▶ _DATA_:
-------------------------
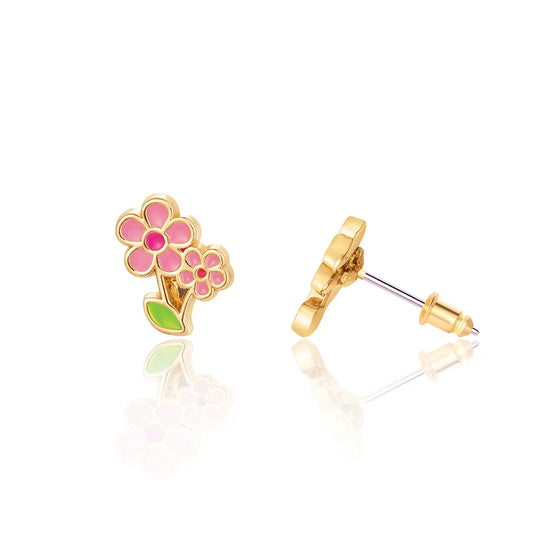 Little Pink Flower Cutie Stud Earrings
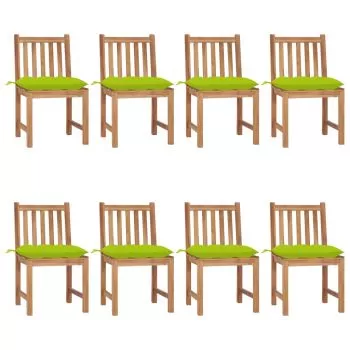 Set 8 bucati scaune de gradina cu perna, verde deschis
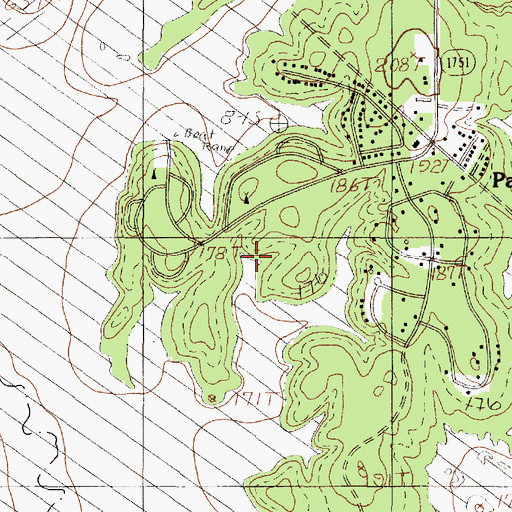 Topographic Map of San Augustine Park, TX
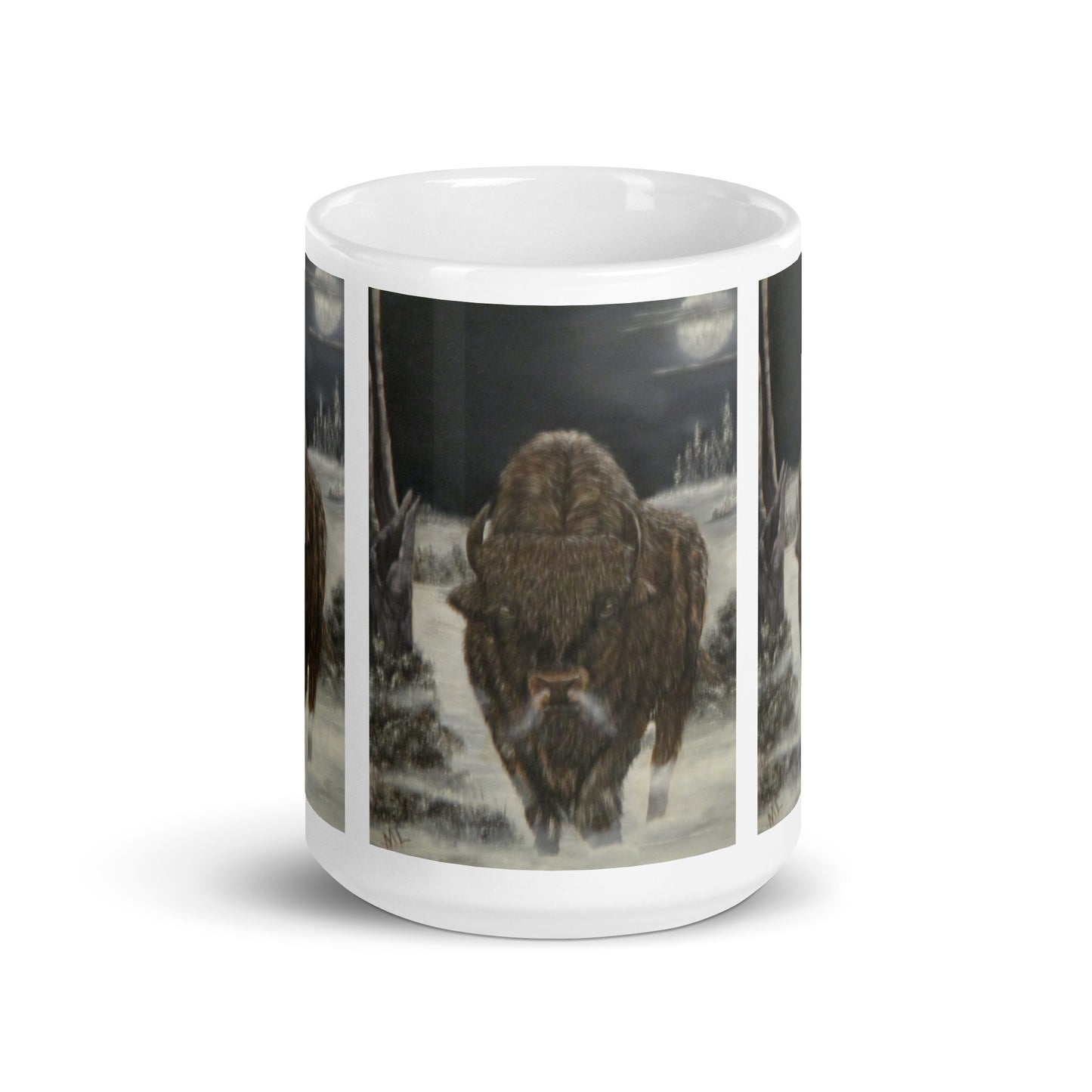 "White Glossy Ceramic Mug with 'Bison and Full Moon' Artwork – 11oz/15oz/20oz Coffee Cup – Stunning Wildlife Scene, Perfect Gift for Nature Enthusiasts, Dishwasher & Microwave Safe"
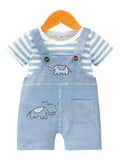 Boys' Baby Elephant Print Imitation Denim Pocket
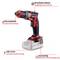 'Cordless drill with brushless motor, LED light, belt clip and adjustable screw depth for precise work.'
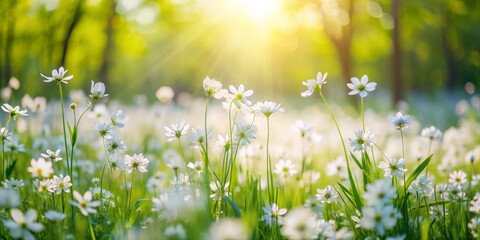 Fototapeta premium Sunlight Through White Wildflowers, Spring Meadow, Nature, Photography, Floral ,spring , wildflowers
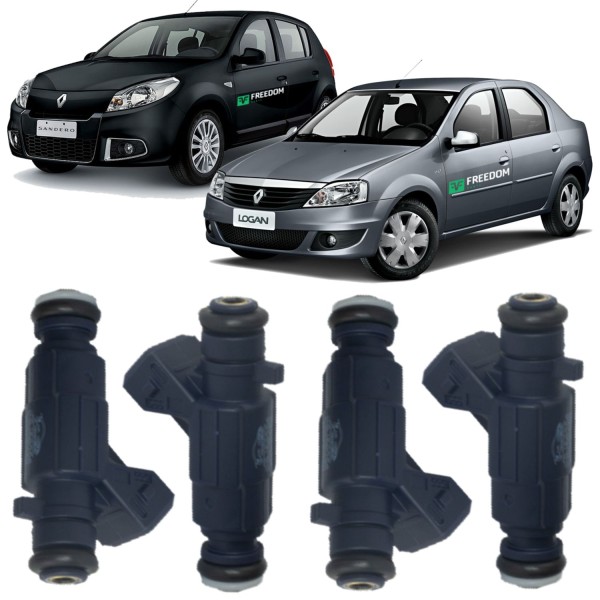 Bico injetor renault clio logan sandero 1.0 16v d4d hi-flex 2006 á 2014 kit c/4 unidades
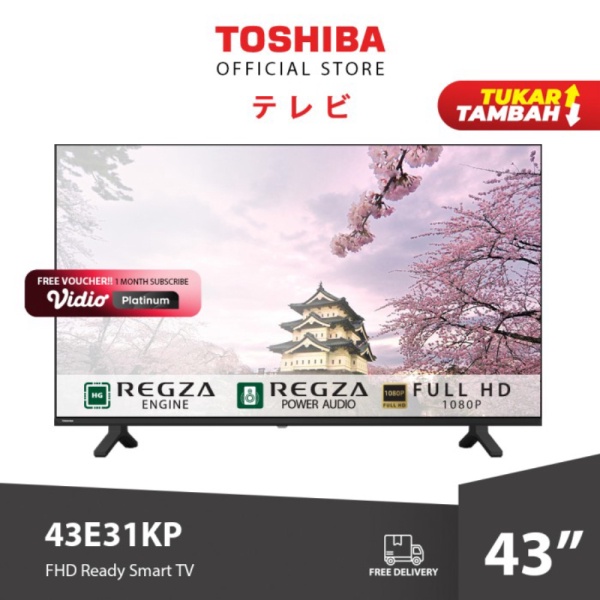 Toshiba LED TV - FHD Smart Vidaa 43 - 43E31KP [Tukar Tambah] Berkualitas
-------------------------
▶ _PROBLEM TO SOLVE_: Apart from the pictures, every line of the material above is to be returned word for word.

▶ _COMPLETED TASK_:
 Little Pink Flower Cutie Stud Earrings
 Set 8 bucati scaune de gradina cu perna, verde deschis
 Topographic Map of San Augustine Park, TX
 "White Glossy Ceramic Mug with 'Bison and Full Moon' Artwork – 11oz/15oz/20oz Coffee Cup – Stunning Wildlife Scene, Perfect Gift for Nature Enthusiasts, Dishwasher & Microwave Safe"
 Boys' Baby Elephant Print Imitation Denim Pocket
 'Cordless drill with brushless motor, LED light, belt clip and adjustable screw depth for precise work.'
 Fototapeta premium Sunlight Through White Wildflowers, Spring Meadow, Nature, Photography, Floral ,spring , wildflowers
 Bico injetor renault clio logan sandero 1.0 16v d4d hi-flex 2006 á 2014 kit c/4 unidades
 Toshiba LED TV - FHD Smart Vidaa 43 - 43E31KP [Tukar Tambah] Berkualitas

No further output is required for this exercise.